• Exercise inputs:
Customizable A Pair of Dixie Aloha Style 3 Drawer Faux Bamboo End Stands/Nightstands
---
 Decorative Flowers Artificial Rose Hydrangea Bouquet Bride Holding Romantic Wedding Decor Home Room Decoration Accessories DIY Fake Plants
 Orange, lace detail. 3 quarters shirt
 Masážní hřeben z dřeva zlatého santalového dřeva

• Exercise goal: From the entries above, write out only the lines starting at the line that holds "Orange, lace detail. 3 quarters shirt" and ending at the line that holds "Masážní hřeben z", keeping both and matching them exactly.

• Response:
 Orange, lace detail. 3 quarters shirt
 Masážní hřeben z dřeva zlatého santalového dřeva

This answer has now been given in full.